### SOURCE DATA
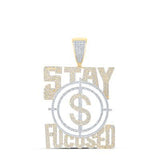 10K Yellow Gold Round Diamond Stay Focused Charm Pendant 2-3/4 Cttw
Style Code Gndpd497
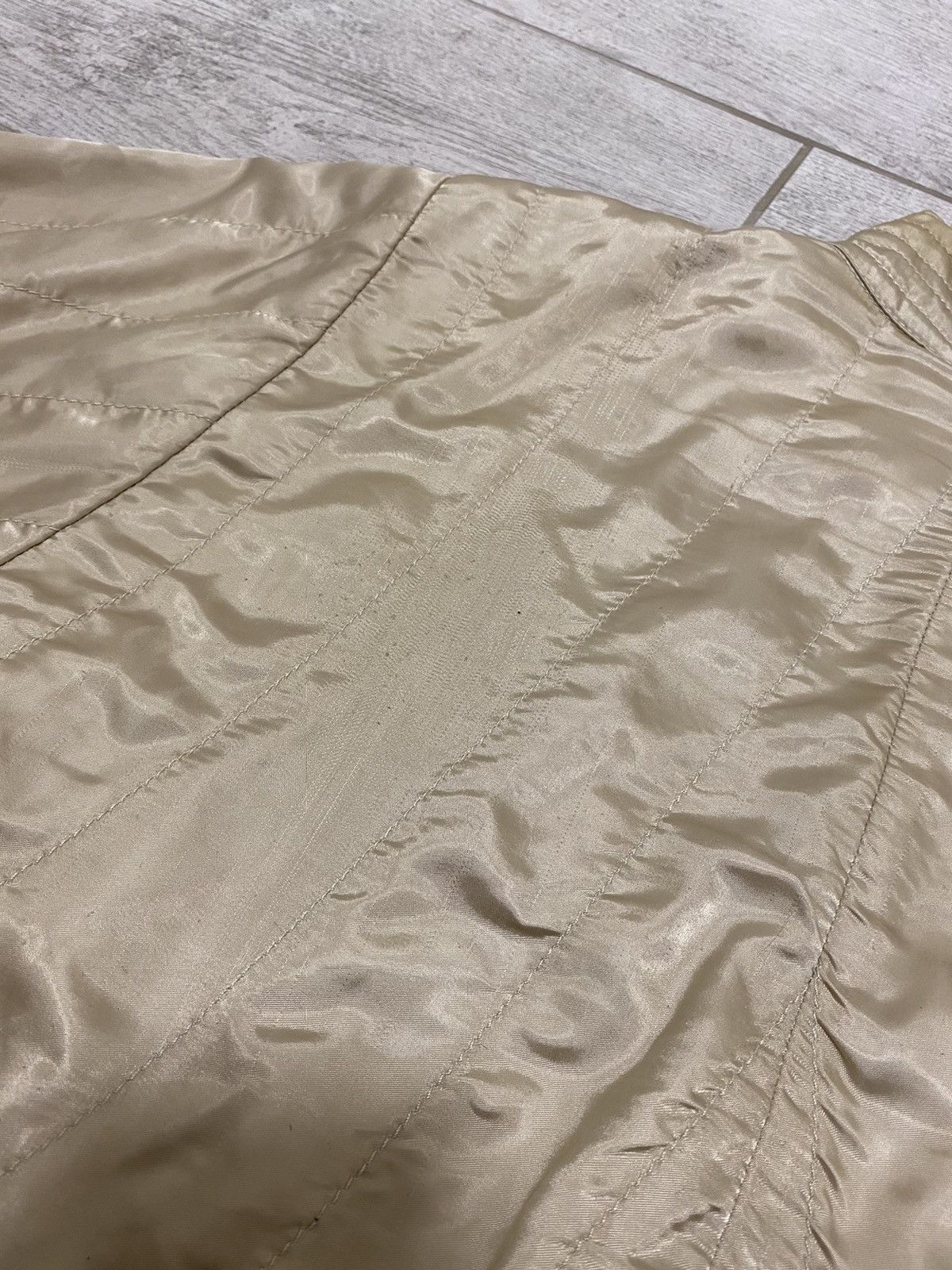 Moncler × Vintage Moncler Vintage Beige Zip Jacket With Women’s Belt Size ONE SIZE - 21 Thumbnail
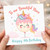 Niece 4th Birthday Card, Beautiful Niece Happy 4th Birthday Unicorn Card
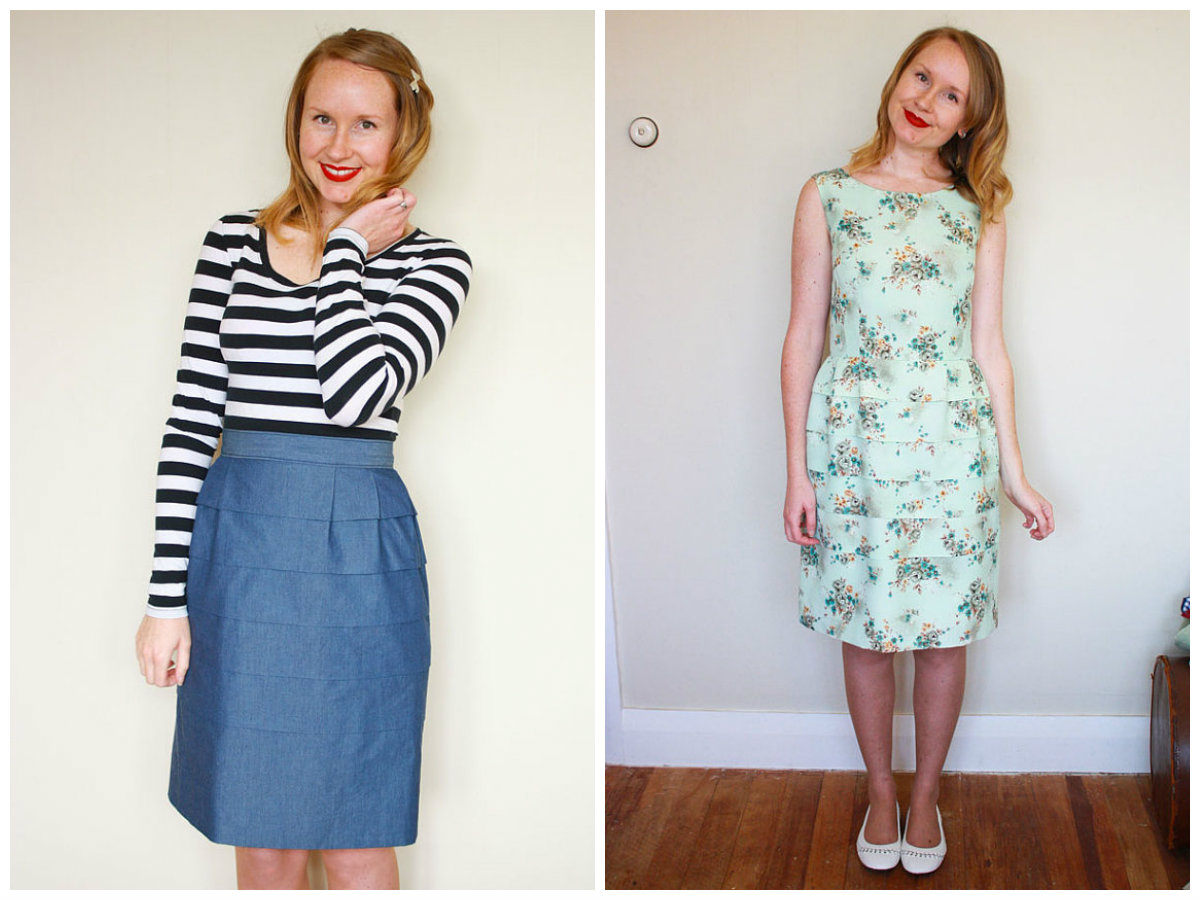 Jennifer Lauren Dalloway Dress & Skirt Downloadable Pattern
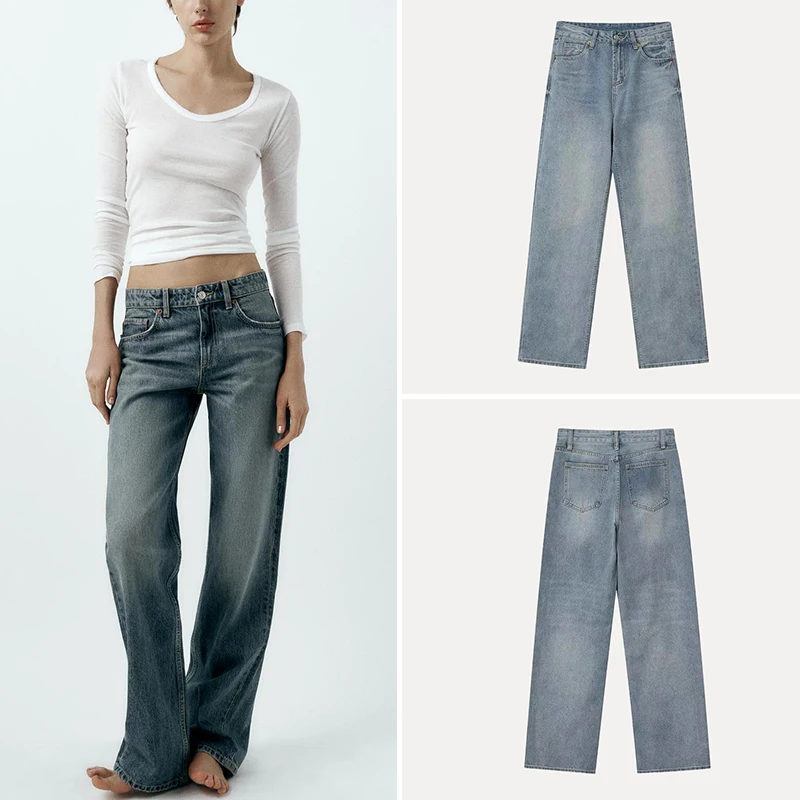 Summer 2025 Women's Loose Wide Leg mid Waist Long Jeans Casual High Waist Zipper Sle Autumn Season Loose Fit Jeans
Summer 2025 Women's Loose Wide Leg mid Waist Long Jeans Casual High Waist Zipper Sle Autumn Season Loose Fit Jeans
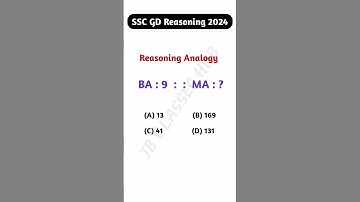 Reasoning SSC GD,2024 reasoning Analogy set, reasoning Analogy practice set 2024 #short #shortvideo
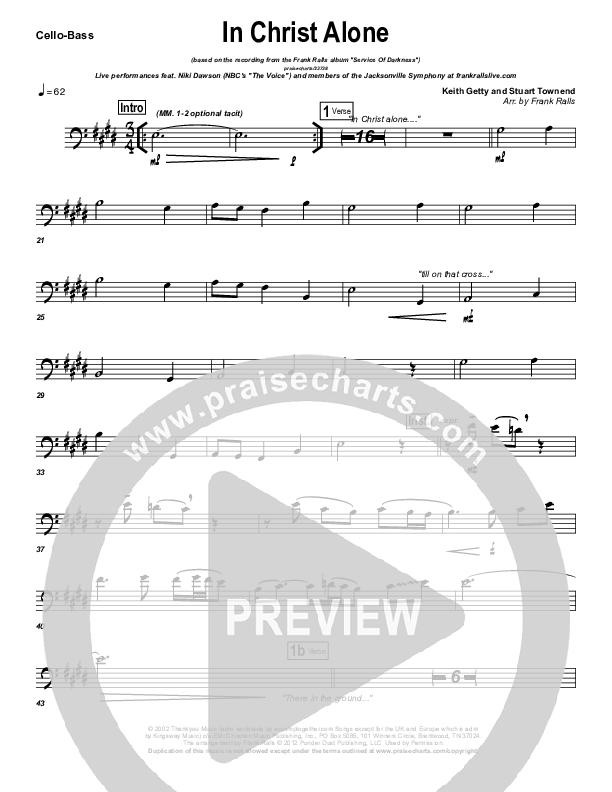 In Christ Alone Cello/Bass (Frank Ralls)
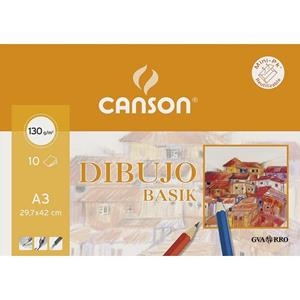 Papel dibujo basik 130gr din a3 29,7x42,0 cms en minipacks de 10 hojas | 8422714031590 | Librería Castillón - Comprar libros online Aragón, Barbastro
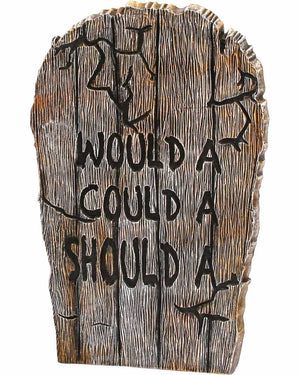 Woulda Coulda Shoulda Foam Tombstone 56cm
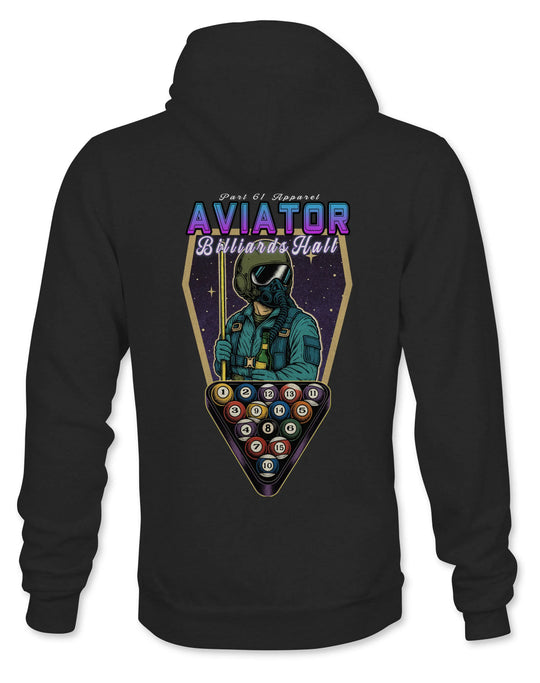 Aviator Billiards Hall | Premium Hoodie Printify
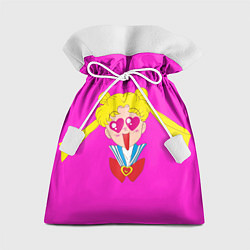Мешок для подарков Банни Цукино - Сейлор мун парная, цвет: 3D-принт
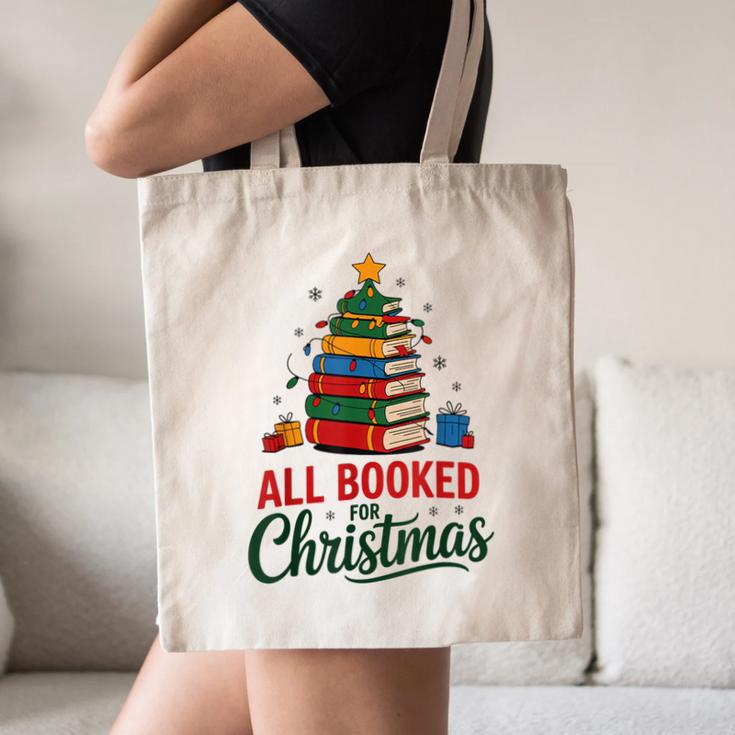 All Booked For Christmas Librarian Reader Xmas Pajama Canvas Tote Bag All Booked For Christmas Librarian Reader Xmas Pajama Canvas Tote Bag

### TASK STATEMENT
Word for word, return the listing above; the pictures do not belong in the copy.

### RESULT FOR THIS EXERCISE
 10K Yellow Gold Round Diamond Stay Focused Charm Pendant 2-3/4 Cttw
Style Code Gndpd497
 Moncler × Vintage Moncler Vintage Beige Zip Jacket With Women’s Belt Size ONE SIZE - 21 Thumbnail
 Niece 4th Birthday Card, Beautiful Niece Happy 4th Birthday Unicorn Card
 Jennifer Lauren Dalloway Dress & Skirt Downloadable Pattern
 Summer 2025 Women's Loose Wide Leg mid Waist Long Jeans Casual High Waist Zipper Sle Autumn Season Loose Fit Jeans
Summer 2025 Women's Loose Wide Leg mid Waist Long Jeans Casual High Waist Zipper Sle Autumn Season Loose Fit Jeans
 Reasoning SSC GD,2024 reasoning Analogy set, reasoning Analogy practice set 2024 #short #shortvideo
 In Christ Alone Cello/Bass (Frank Ralls)
 Papel dibujo basik 130gr din a3 29,7x42,0 cms en minipacks de 10 hojas | 8422714031590 | Librería Castillón - Comprar libros online Aragón, Barbastro
 Woulda Coulda Shoulda Foam Tombstone 56cm
 Aviator Billiards Hall | Premium Hoodie Printify
Мешок для подарков Банни Цукино - Сейлор мун парная, цвет: 3D-принт
 All Booked For Christmas Librarian Reader Xmas Pajama Canvas Tote Bag All Booked For Christmas Librarian Reader Xmas Pajama Canvas Tote Bag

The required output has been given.